The case is the court’s latest attempt to determine how far companies can go in insisting that disputes be resolved in individual arbitrations rather than in court.
The Supreme Court ruled in earlier cases that companies doing business with consumers may require arbitration and forbid class actions in their contracts, which are often of the take-it-or-leave-it variety. Such contracts typically require two things: that disputes be resolved by arbitration and that claims be brought one by one.
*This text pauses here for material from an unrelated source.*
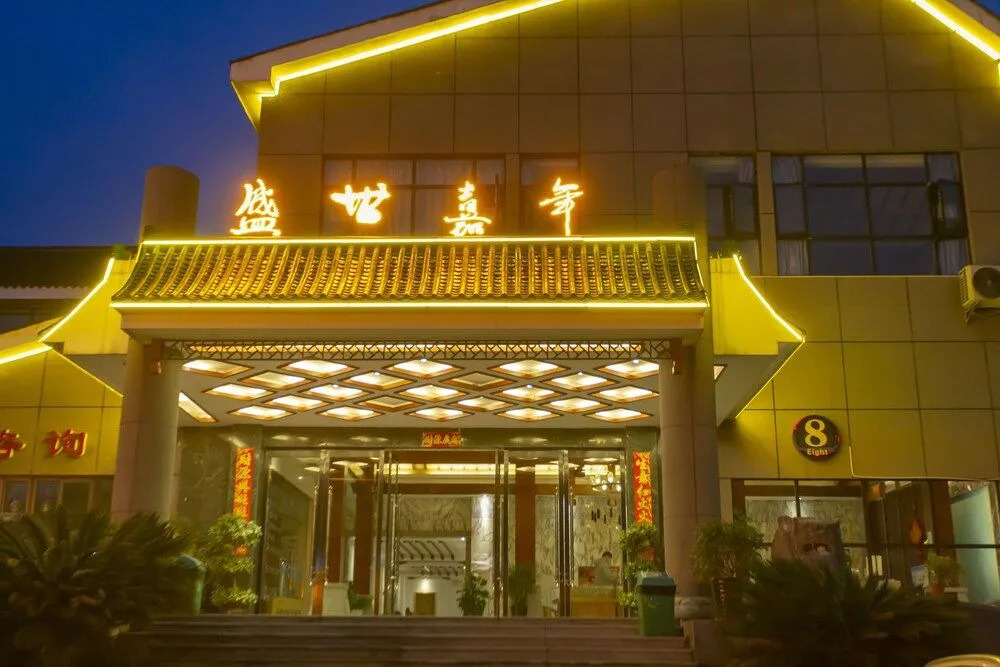 Zhangjiajie Heyday Hotel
That makes it hard to pursue minor claims that affect many people, whether in class actions or in mass arbitration.
Justice Ruth Bader Ginsburg said there was often no point in pursuing individual arbitration because the sums at issue were too small.
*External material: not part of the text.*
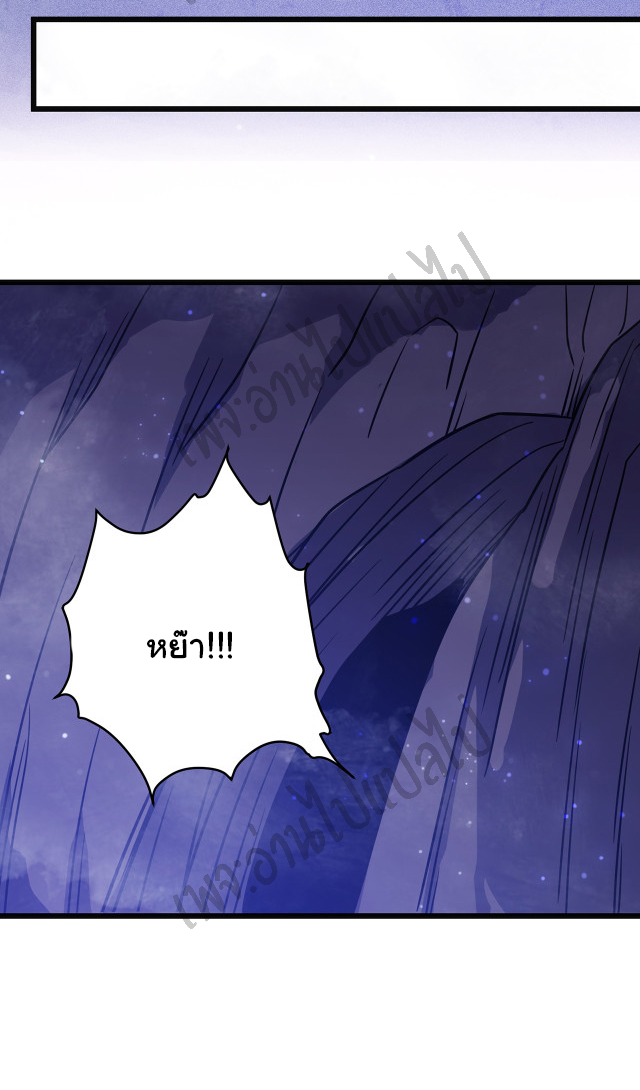 I killed the gods in another world ตอนที่ 20 หน้า 20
“There is strength in numbers,” she said. “We have to protect the individual worker from being in a situation where he can’t protect his rights.”
Jeffrey B. Wall, a deputy solicitor general who argued in favor of the employers, acknowledged that it was sometimes a consequence of arbitration agreements “that the employees would be practically unable to vindicate their claims.” He added that the Supreme Court had said as much about arbitration clauses generally in a 2013 decision concerning an agreement among businesses.
Arbitration clauses with class-action waivers are now commonplace in contracts for things like cellphones, credit cards, rental cars and nursing home care.
In a 2015 dissent, Justice Ginsburg, citing a New York Times article examining arbitration agreements, wrote that the court’s decisions favoring arbitration “have predictably resulted in the deprivation of consumers’ rights to seek redress for losses, and, turning the coin, they have insulated powerful economic interests from liability for violations of consumer protection laws.”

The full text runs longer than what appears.